Realen Schiffbruch mit ihren Ideen und Biographien erleiden diese Russen, wenn sie ihr Land physisch verlassen, es aber auch in Paris oder London immer dabei haben. Im zweiten Teil wird Alexander Herzen zur zentralen Figur. Matze Vogel macht ihn zu einem überlegten Strategen, der in all den politischen und privaten Katastrophen nicht nur der bleibt, an den sich alle immer wieder wenden, wenn sie Geld brauchen. Er macht ihn auch zu einem Sympathieträger in den persönlichen Katastrophen. Sogar, wenn ihm einmal der Kragen platzt und er seiner Frau eine scheuert, als sie ihm ihr Verhältnis zu dem von Lukas Schrenk als halbseidenen Sonnyboy gezeichneten Georg Herwegh (1817–1875) gesteht.

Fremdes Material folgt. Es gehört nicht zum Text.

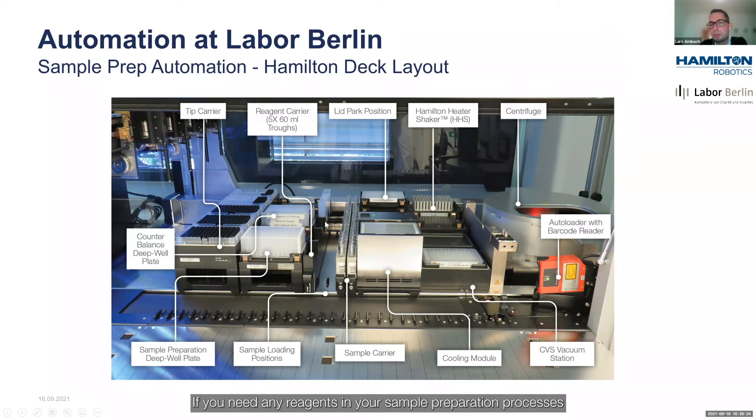If you need any reagents in your sample preparation process, these can be placed in the reagent troughs. There are also carriers for the sample tubes to be loaded into the robot, a lid park position for deep well plates, and cooling modules — at the end of the sample preparation process, the well plate with finished extracts is placed in the cooling module until someone unloads the samples and takes them to the analytical instrument. There is a heater shaker for mixing and incubation reactions, a vacuum station for solid phase extraction to suck liquid through the SPE cartridges, a centrifuge for well plates, and an autoloader with a barcode reader for sample tracking within the sample preparation process.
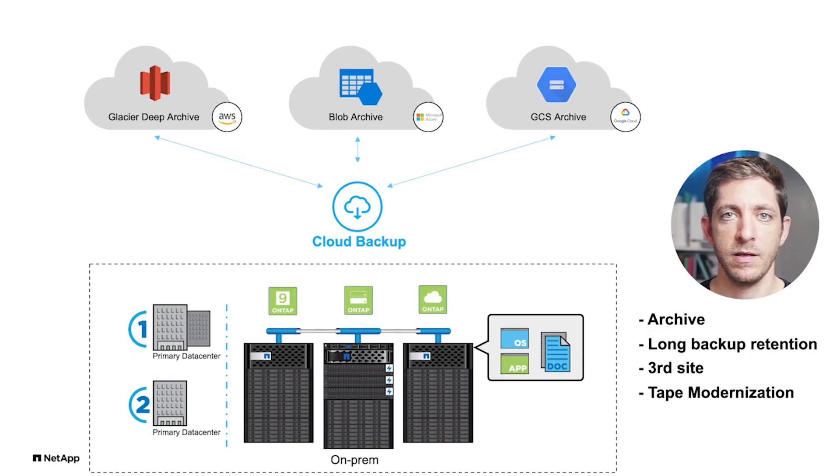An additional very commonly used use case for the archive tier is the ability to create an additional copy in the cloud, regardless of whether it's a second site or a third site. Usually customers will rent some kind of a data center, place hardware there, and put the backup there. But it's very tedious — you need to maintain it, make sure it's operational, and monitor it. That's a lot of work.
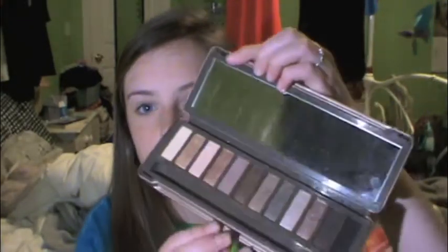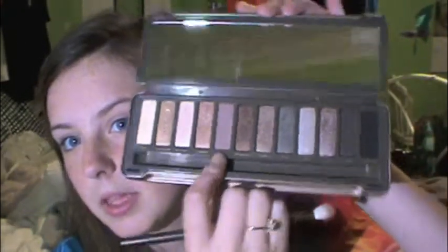All the eyeshadows I'm using are from the Naked 2 palette — this thing is basically holy grail. I start by putting Tease, which is this little one right here, in my crease with my Mac 217 brush and blending it. Then I use my Mac 224 brush just to blend it so it's not harsh.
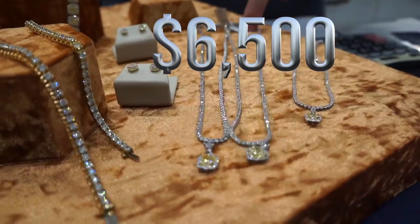On to the next one — retail value $20,800. The price on this is going to be $5,500 and you can choose the cluster studs as well.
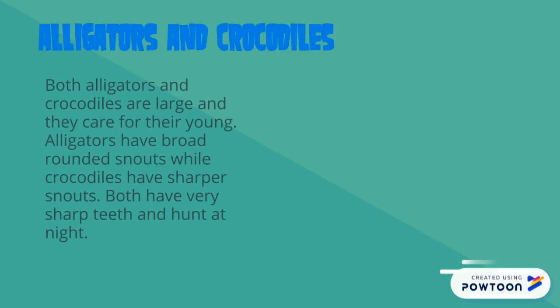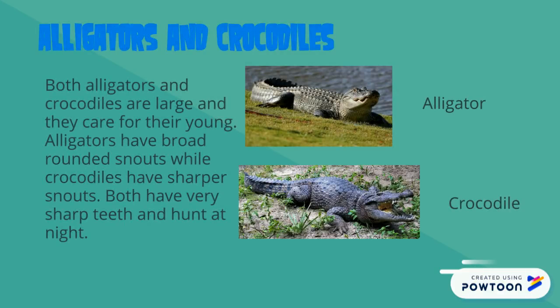Both alligators and crocodiles are large and they care for their young. Alligators have broad, rounded snouts while crocodiles have sharper snouts, which means you are able to distinguish them by sight. Both have very sharp teeth and hunt; they are carnivores that sleep during the night.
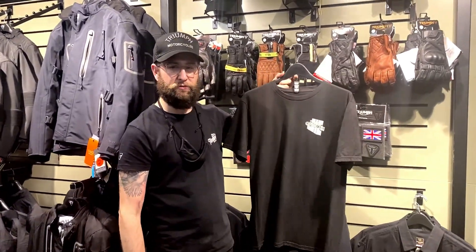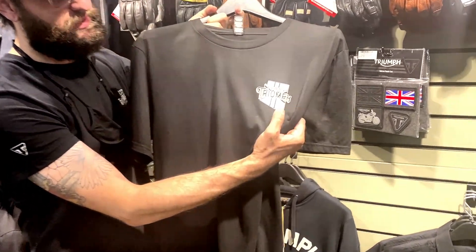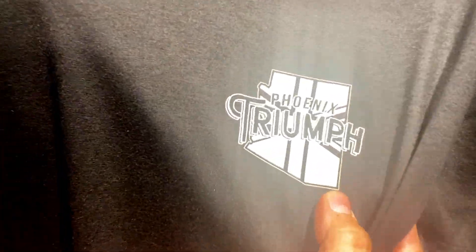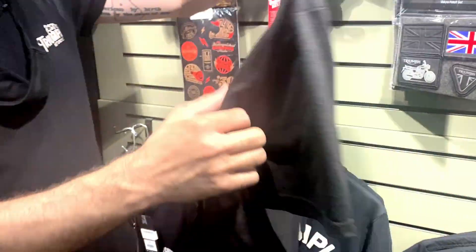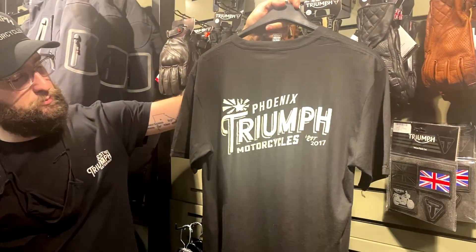What's up everybody? This is Rocky Chris over here at Phoenix Triumph. I just want to show off these new Phoenix Triumph t-shirts we got recently. They have a really cool custom design — the shape of Arizona State with the British flag behind it, and then on the back side we've got this really nice Phoenix Triumph custom script logo.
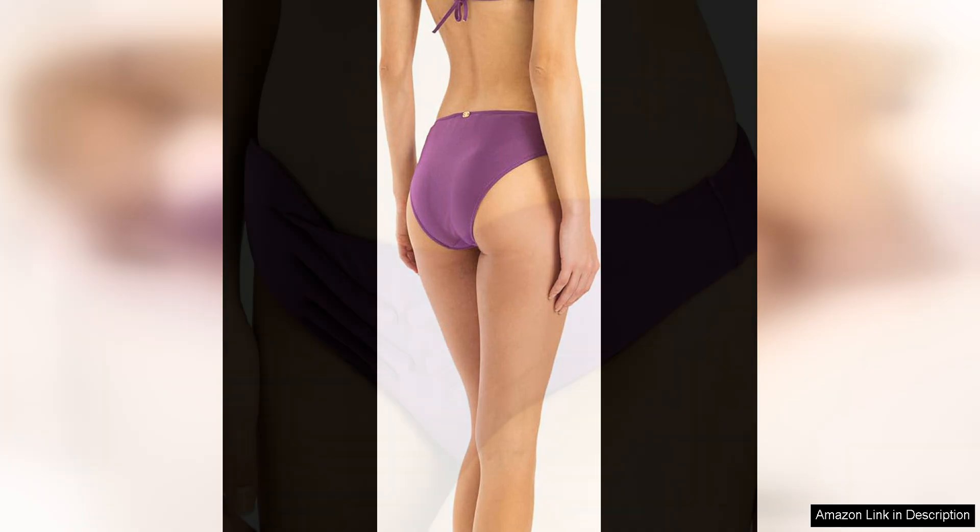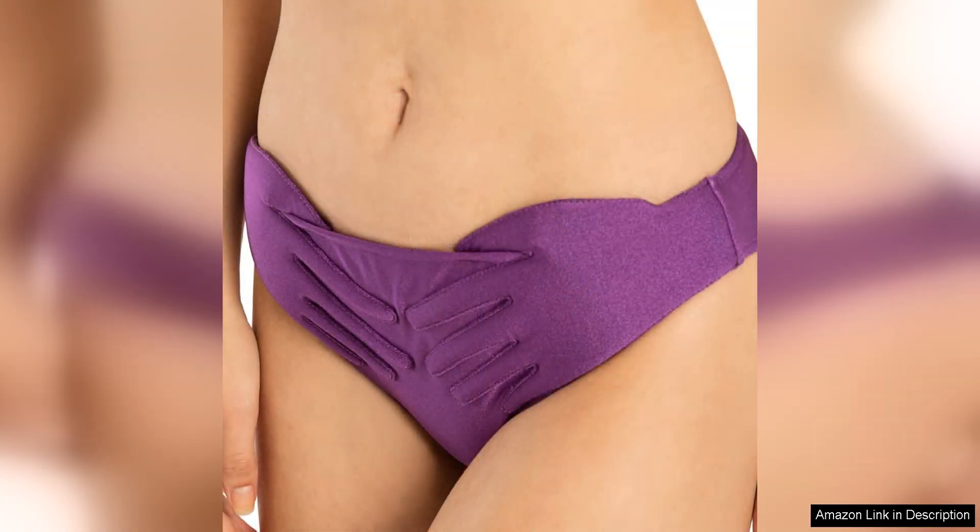The versatility of this bikini is another selling point. While it looks stunning on its own, it can also be paired with a matching skirt or cover-up for a chic and coordinated beach ensemble. Whether lounging by the pool or strolling along the shore, this bikini is sure to turn heads and make a statement.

Stoppard bricht den Widerspruch zwischen revolutionärem Elan und den Verhältnissen, die ihn ausbremsen immer mehr auch aufs Private herunter. Auf ein Geflecht von Beziehungen, in deren Aufkeimen und Zerbrechen auch die Nebenrollen der Frauen im Leben „ihrer“ Männer in den Blick geraten. Die Entschiedenheit, mit der Lina Habicht die deutsche Schriftstellerin Malwida von Meysenburg (1816–1903) ihre Rolle als Erzieherin der Töchter von Herzen ausfüllen lässt, ist da eine, auch von den anderen Frauen unterlaufene, Ausnahme.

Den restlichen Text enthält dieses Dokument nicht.